Numpy - Arrays - Loading a text file data using NumPy's loadtxt() function - Step 2

NIRAV_RAJ · October 9, 2020, 4:53pm

i did not understand.

Hide Playground

14 / 32

Numpy - Arrays - Loading a text file data using NumPy’s loadtxt() function - Step 2

Now we will continue to load the dataset that we cloned in the previous step.

INSTRUCTIONS

Please follow the below steps:

(1) Import the required libraries

import numpy as np
import os

(2) Load using pandas

Now we will use pandas to load data from a large csv file (California housing dataset) and create a small csv file (of housing data) by extracting only few rows of data from this large housing.csv file.

We are creating a smaller csv file of data, just for our convenience, to make it easy for us to load it using loadtxt() function.

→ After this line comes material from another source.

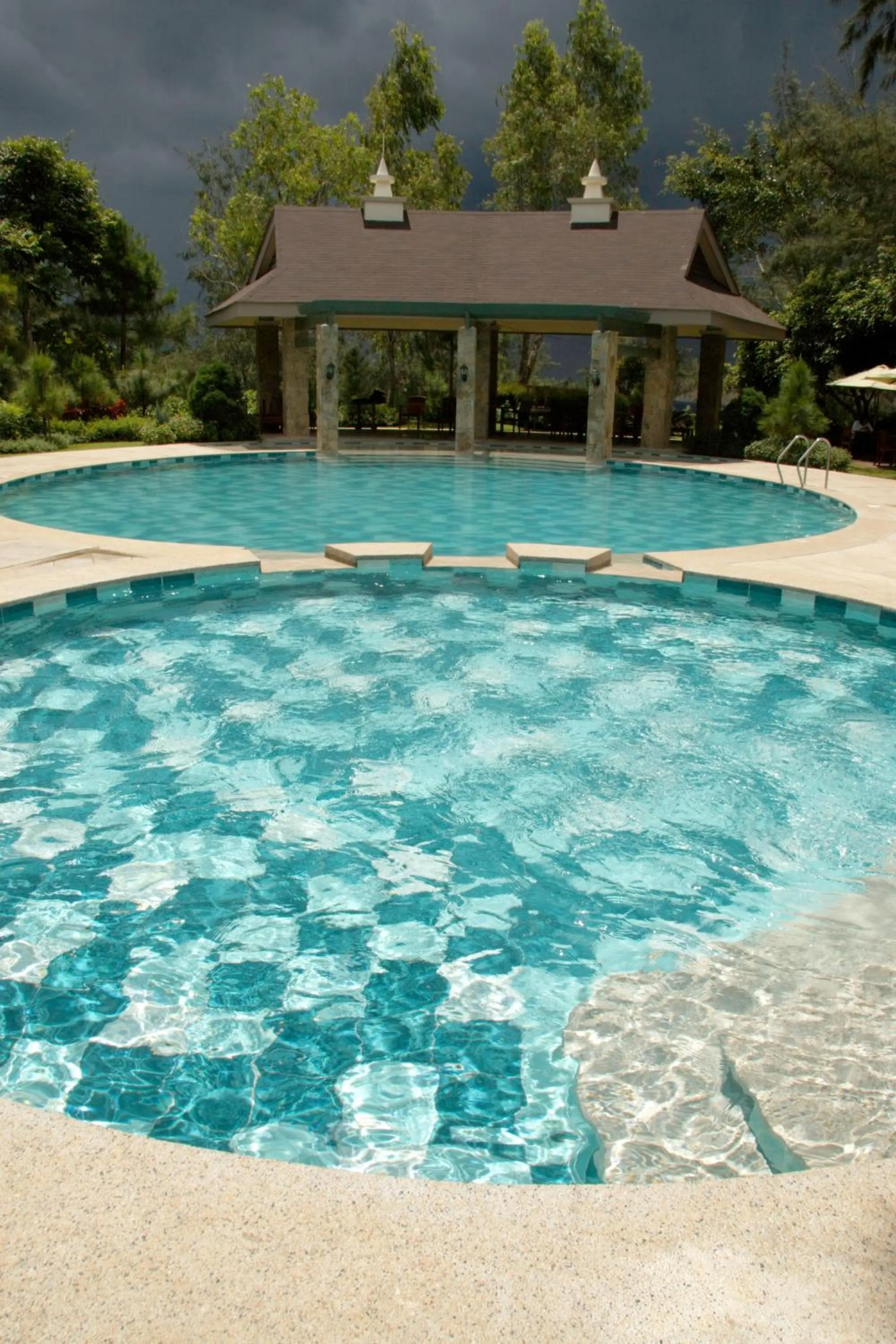 Swimming pool in Crosswinds Resort Suites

Don’t worry if you don’t know pandas yet, just copy and use the below pandas code as it is.

import pandas as pd
# defining housing.csv file path
HOUSING_PATH = '../ml/machine_learning/datasets/housing/'
# reading the large housing.csv file using pandas
housing_raw = pd.read_csv(os.path.join(HOUSING_PATH, "housing.csv"))
# extracting only a few rows (5 rows) of data from the pandas dataframe 'my_df'
my_df = housing_raw.iloc[ : 5]
# creating a new small csv file - 'housing_short.csv' - containing the above extracted 5 rows of data
my_df.to_csv('housing_short.csv', index=False)

Load using Numpy

Now, let us load the csv file - housing_short.csv - using NumPy’s loadtxt() function

please define a variable called FILE and assign to it the string value housing_short.csv .

FILE = '<<your code comes here>>'

(4) Create Function

Please define a function called load_housing_data() , as shown below, which takes filename (FILE) as input and loads this file using NumPy’s loadtxt() function. Just copy the below code as it is.

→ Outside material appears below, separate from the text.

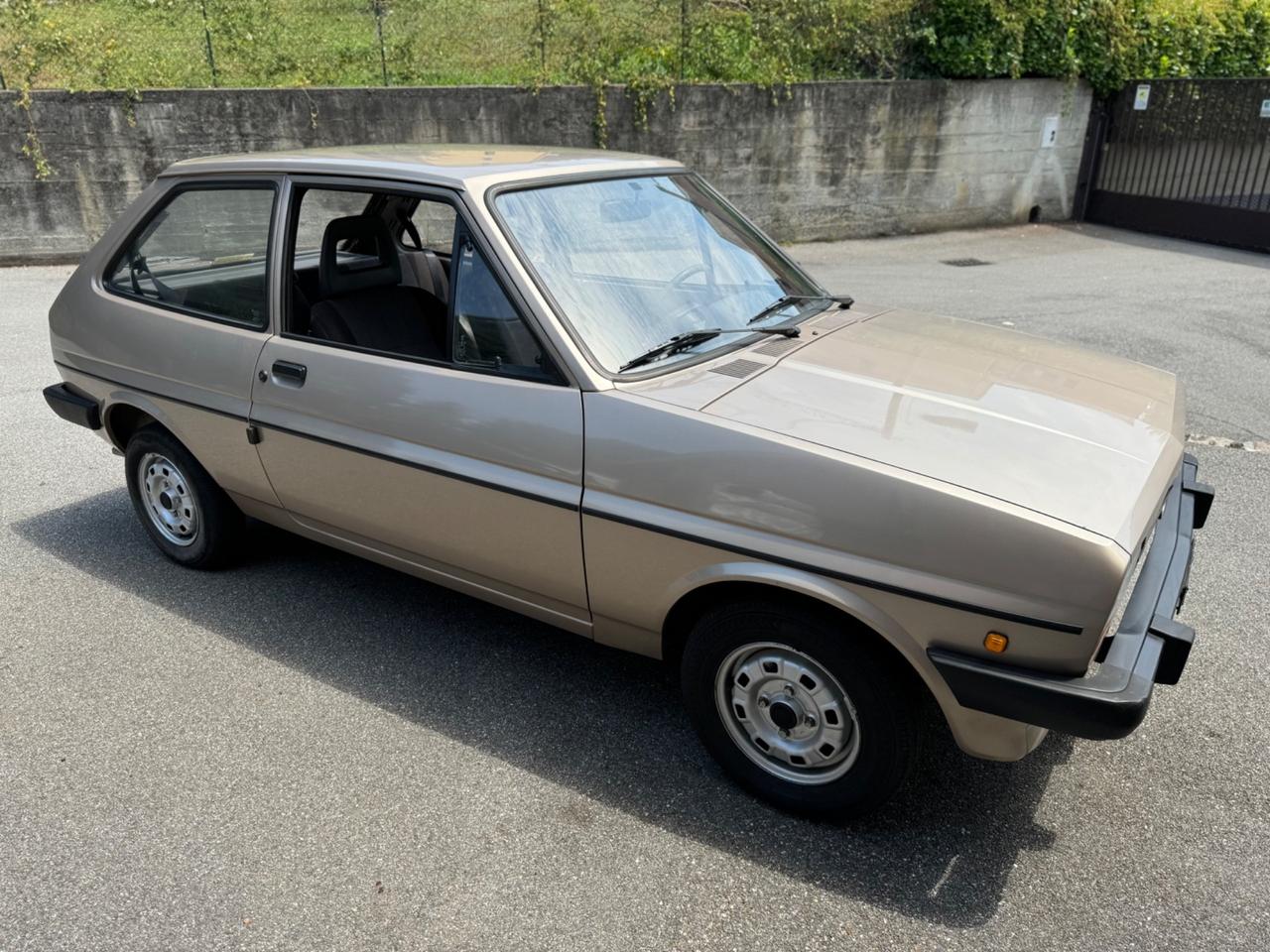 Ford Fiesta 900 Mk1 (1982) - ASI - Targhe Originali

def load_housing_data(file = FILE ):
    return np.loadtxt(file, dtype={'names': ('longitude','latitude','housing_median_age','total_rooms','total_bedrooms','population','households','median_income','median_house_value','ocean_proximity'),'formats': ('f8', 'f8', 'f8', 'f8', 'f8', 'f8', 'f8', 'f8', 'f8', '|S15')}, delimiter=',', skiprows=1, unpack=True)

loadtxt() function parameters

first parameter - file. It is the name of the file from which the data is to be loaded.

second parameter - data type dtype of columns of the loaded csv file housing_short.csv . It is a Python dictionary with key as names of the columns, and values as the data types of these respective columns e.g. f8, |S15, etc.

‘f8’ means 64-bit floating-point number

‘|S15’ -means a string of length of 15 characters

third parameter - delimiter. It is the character by which values in a row of our csv file are separated. For example, in our case values of a row of our csv file - housing_short.csv - are separated by ‘,’ (comma)

fourth parameter - skiprows. You can specify here, how many initial rows of the csv file you want to skip loading. E.g. you may want to skip the first row of this csv file, as it may contain header information in the first row, which you may not want to load.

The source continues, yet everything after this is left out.